To do
Exactly the lines from the one containing "12 Litri Olio Motore Selenia" through the final line of the data below, with pictures omitted, make up the answer.

Supplied material

====

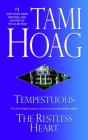 Tempestuous/Restless Heart - Preview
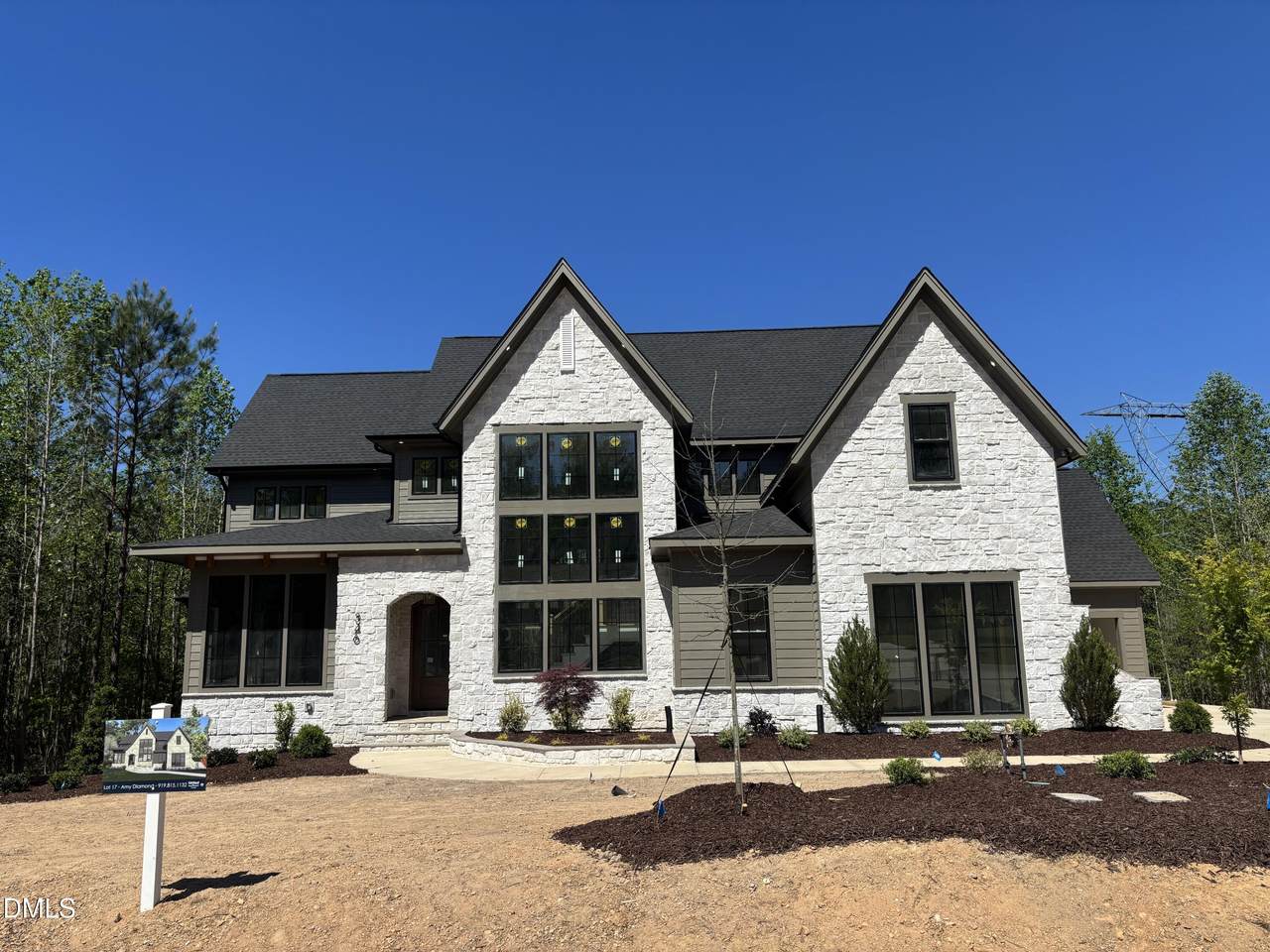 346 Lila Drive - Photo 1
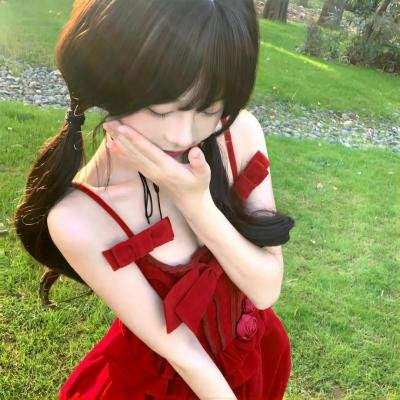 乐高史酷比:好莱坞闹鬼记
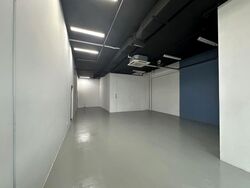 Ubi Techpark (D14), Factory #543716291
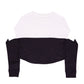 KINGS YOUTH GIRLS POWER UP LS TEE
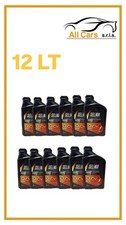 12 Litri Olio Motore Selenia
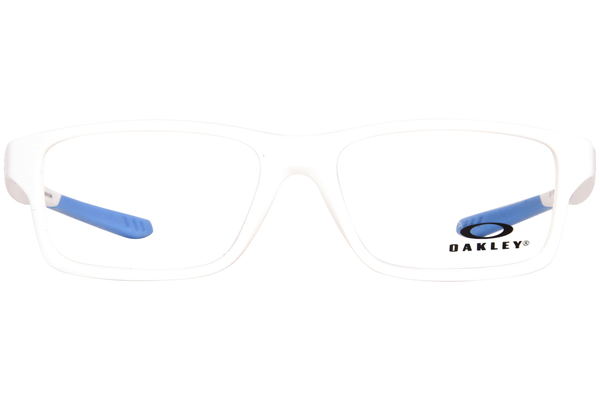 oakley-crosslink-xs-oy8002-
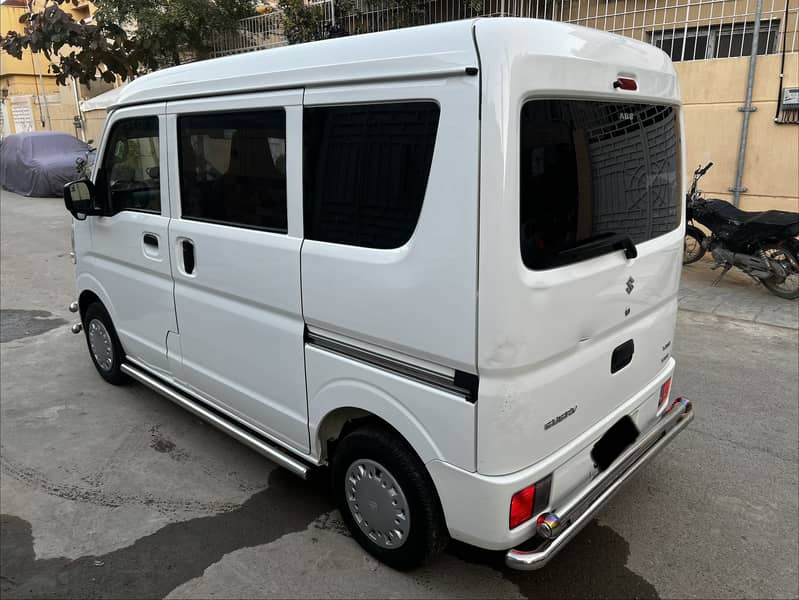 Suzuki every vxr 2024/25

                                                            alt=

====

Output below
 12 Litri Olio Motore Selenia
 oakley-crosslink-xs-oy8002-
 Suzuki every vxr 2024/25

                                                            alt=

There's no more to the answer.